Alunan pukulan gong yang menyatu dengan tetabuhan ‘mbololo’ – sejenis gamelan di pulau Jawa – semakin memberikan nuansa asli kedaerahan yang membungkus rapi sebuah kebersamaan. Melantun pula lah ‘douna-una’ dan ‘kadhandio’ , syair dan pantun-pantun daerah yang menggugah semangat dan menggairahkan kehidupan masyarakat yang mendengar nya.

Di masa-masa sekarang, Pakande-kandea adalah juga tradisi mempererat tali silaturahmi antar warga dan pejabat daerah. Juga sebagai jamuan bagi pendatang yang menginjak kan kaki nya di tanah Wolio.

Tidak ada salah nya bila anda datang berkunjung ke Buton dan menikmati pemandangan tradisi Pakande-kandea ini menyemarak kan kehidupan masyarakat nya. Pulau ini bisa di jangkau hanya dengan satu jam penerbangan menggunakan pesawat komersial dari Makassar ke Bau-Bau, salah satu kota transit yang berada di bagian selatan Pulau Buton. Alternatif lain yang bisa di ambil bila anda berkesempatan untuk mengunjungi pulau dengan sejuta pesona budaya nya ini adalah melewati ibukota provinsi Sulawesi Tenggara, yaitu kota Kendari.

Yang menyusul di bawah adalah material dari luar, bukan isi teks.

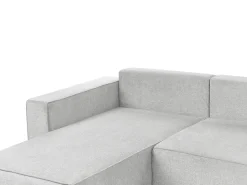 Divano letto a U 4 posti VATNE Tessuto Grigio chiaro con contenitore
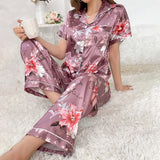 Women Satin Pajama Casual Sleepwear Home Clothes Suit Autumn Long Sleeve Button Up Top & Pants Nightwear Loungewear Pyjama Femme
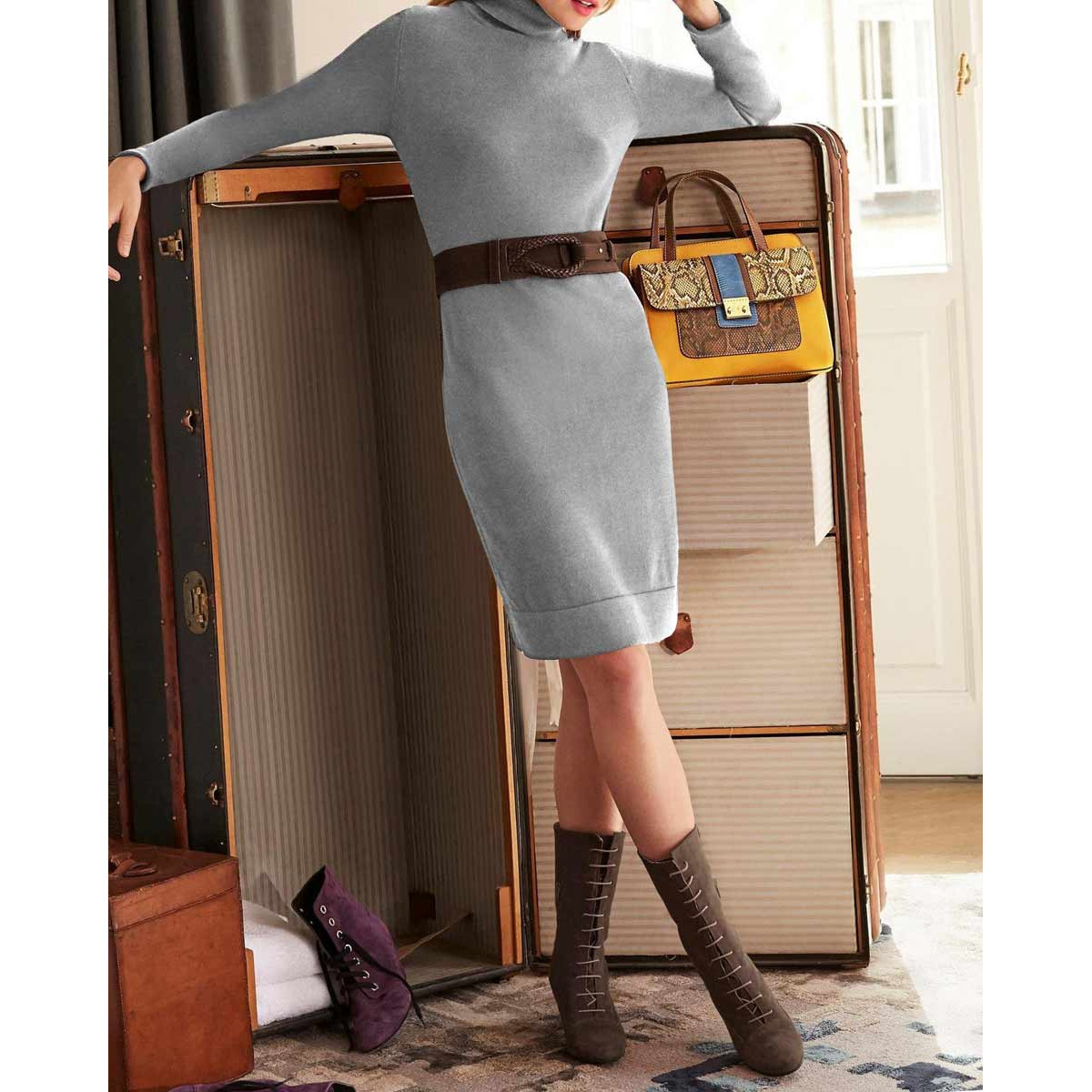 Designer-Strickkleid grau-melange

Dari Kendari, perjalanan bisa di lanjutkan dengan menaiki kapal cepat dengan waktu tempuh kuran Lebih selama 5 jam setelah sebelum nya melakukan pemberhentian di pelabuhan Raha di Pulau Muna.
Ragam sajian daerah seperti ‘kasuami’, ‘lapa-lapa’, ‘kado minya’ dan ‘nasu Wolio’ serta ‘cucuru’ bakal tersedia bagi anda penikmat kuliner sejati, tentu saja anda bakalan menikmati hidangan tersebut dengan sesekali mendengar cekikik tawa para remaja yang saling berpandang dan bersuapan mesra.